= Josiah Pender =

Josiah Solomon Pender (March 11, 1819 – October 25, 1864) was an American soldier in the Confederate Army. He is best known for leading the capture of Fort Macon in April 1861.

==Life==
Pender was born in the Tarboro area of Edgecombe County to Solomon and Mary Batts Pender. Pender followed in his father's footsteps by entering the U.S. Military Academy in 1835, but left the following year due to his unwillingness to adapt to military life. After leaving the academy, he studied painting in Paris and Rome before returning to the United States in 1840.

Pender bought the Atlantic Hotel on the waterfront in Beaufort in 1856.

Pender married twice.
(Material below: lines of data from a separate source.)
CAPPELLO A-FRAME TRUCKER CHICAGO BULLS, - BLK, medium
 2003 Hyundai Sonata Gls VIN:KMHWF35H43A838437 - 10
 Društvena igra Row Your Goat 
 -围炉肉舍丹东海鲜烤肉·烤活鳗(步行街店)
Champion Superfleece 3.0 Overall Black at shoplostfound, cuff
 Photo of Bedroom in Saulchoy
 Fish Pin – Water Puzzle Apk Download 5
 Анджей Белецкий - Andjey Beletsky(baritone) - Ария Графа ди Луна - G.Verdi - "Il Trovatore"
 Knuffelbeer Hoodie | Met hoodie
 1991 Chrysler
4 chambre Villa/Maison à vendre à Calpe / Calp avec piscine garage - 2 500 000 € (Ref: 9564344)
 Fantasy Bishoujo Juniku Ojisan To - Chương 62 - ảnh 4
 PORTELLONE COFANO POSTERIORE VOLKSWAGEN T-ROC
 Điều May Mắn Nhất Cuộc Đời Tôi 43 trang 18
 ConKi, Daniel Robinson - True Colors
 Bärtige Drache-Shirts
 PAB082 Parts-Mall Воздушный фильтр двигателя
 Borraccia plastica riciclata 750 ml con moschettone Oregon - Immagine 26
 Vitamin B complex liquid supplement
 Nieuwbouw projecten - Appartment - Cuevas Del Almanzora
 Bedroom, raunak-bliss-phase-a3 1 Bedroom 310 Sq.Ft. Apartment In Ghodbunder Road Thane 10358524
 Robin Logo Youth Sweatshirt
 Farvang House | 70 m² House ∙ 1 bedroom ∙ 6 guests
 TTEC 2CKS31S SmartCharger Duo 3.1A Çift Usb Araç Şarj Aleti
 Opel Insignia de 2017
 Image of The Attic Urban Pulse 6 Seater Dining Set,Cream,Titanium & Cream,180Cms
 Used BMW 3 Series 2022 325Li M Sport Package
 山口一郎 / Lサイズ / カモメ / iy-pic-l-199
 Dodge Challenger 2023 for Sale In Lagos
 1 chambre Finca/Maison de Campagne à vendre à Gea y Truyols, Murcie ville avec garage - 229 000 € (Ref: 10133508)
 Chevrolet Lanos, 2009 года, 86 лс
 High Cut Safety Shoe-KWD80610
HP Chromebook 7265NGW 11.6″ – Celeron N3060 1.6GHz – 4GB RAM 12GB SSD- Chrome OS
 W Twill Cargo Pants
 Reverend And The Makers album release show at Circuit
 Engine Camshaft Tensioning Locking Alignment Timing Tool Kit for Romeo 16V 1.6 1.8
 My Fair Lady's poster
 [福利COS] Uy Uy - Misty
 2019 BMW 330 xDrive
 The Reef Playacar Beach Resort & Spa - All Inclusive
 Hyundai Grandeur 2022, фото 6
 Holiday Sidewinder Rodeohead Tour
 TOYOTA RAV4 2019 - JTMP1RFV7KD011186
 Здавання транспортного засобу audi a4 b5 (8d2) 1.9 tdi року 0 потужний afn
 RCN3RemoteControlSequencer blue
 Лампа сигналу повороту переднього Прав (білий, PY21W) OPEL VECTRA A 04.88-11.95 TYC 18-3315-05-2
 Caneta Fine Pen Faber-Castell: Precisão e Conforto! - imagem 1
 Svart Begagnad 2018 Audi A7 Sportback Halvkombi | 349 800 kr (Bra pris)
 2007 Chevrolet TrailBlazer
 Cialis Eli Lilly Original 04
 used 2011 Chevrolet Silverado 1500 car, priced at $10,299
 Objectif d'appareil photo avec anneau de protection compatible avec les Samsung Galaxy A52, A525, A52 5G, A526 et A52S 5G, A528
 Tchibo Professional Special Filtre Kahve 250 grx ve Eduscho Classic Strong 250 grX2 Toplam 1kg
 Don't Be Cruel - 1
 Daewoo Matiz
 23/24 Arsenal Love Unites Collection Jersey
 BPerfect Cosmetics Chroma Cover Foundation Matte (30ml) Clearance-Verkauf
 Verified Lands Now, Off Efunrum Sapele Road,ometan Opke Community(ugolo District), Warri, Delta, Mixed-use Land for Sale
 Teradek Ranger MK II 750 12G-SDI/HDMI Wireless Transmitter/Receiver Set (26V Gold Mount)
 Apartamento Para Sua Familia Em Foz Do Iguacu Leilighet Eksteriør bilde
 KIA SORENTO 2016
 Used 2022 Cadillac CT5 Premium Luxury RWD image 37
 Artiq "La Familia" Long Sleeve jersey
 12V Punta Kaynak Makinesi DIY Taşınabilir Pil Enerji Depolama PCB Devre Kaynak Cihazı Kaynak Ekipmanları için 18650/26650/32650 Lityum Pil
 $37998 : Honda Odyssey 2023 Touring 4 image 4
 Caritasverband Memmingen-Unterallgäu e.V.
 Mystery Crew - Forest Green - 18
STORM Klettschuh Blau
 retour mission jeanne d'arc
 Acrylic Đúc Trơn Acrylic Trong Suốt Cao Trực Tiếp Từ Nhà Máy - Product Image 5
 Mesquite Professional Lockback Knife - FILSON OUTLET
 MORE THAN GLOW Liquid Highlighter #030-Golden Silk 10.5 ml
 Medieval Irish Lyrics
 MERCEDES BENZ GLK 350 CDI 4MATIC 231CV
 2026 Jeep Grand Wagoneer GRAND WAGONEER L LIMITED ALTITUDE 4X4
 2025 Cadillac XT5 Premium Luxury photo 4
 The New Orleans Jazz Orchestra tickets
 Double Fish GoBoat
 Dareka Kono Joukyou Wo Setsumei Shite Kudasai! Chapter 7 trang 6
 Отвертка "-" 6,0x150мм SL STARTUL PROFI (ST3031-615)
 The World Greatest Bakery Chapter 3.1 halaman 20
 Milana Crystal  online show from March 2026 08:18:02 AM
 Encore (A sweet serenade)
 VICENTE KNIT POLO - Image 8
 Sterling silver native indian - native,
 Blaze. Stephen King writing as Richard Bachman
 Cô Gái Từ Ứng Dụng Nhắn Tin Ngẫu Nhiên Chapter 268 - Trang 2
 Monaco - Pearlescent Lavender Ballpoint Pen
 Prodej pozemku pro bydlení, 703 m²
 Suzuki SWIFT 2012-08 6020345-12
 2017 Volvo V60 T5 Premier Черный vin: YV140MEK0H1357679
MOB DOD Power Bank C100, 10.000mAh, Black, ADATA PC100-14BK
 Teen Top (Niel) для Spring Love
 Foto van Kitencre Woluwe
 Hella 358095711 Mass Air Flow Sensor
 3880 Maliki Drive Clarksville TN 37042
He fathered nine children by his first wife, Maria, who died in 1861. He married a second time to a cousin, Laura Pender on September 23, 1862 and had a son by her.

==Civil War==
Pender joined the Confederate Army in 1861, forming the Beaufort Harbor Guards with the purpose of taking over Fort Macon before Union troops could seize it.

===Battle of Fort Macon===

On April 14, 1861, Pender recaptured Fort Macon from Union soldiers.

===Discharge===
When his first wife became ill, Pender requested and was denied a leave of absence to return home to care for her; however, he decided to go home anyway. In November 1861, Pender was convicted of being absent without leave and was discharged from the army.

==Aftermath==
After his discharge, Pender became part of a blockade running operation, smuggling goods out of Bermuda to support the Confederates. He also sailed to England to obtain goods, where he caught yellow fever.

==Death==
Pender died in Beaufort from yellow fever on October 25, 1864.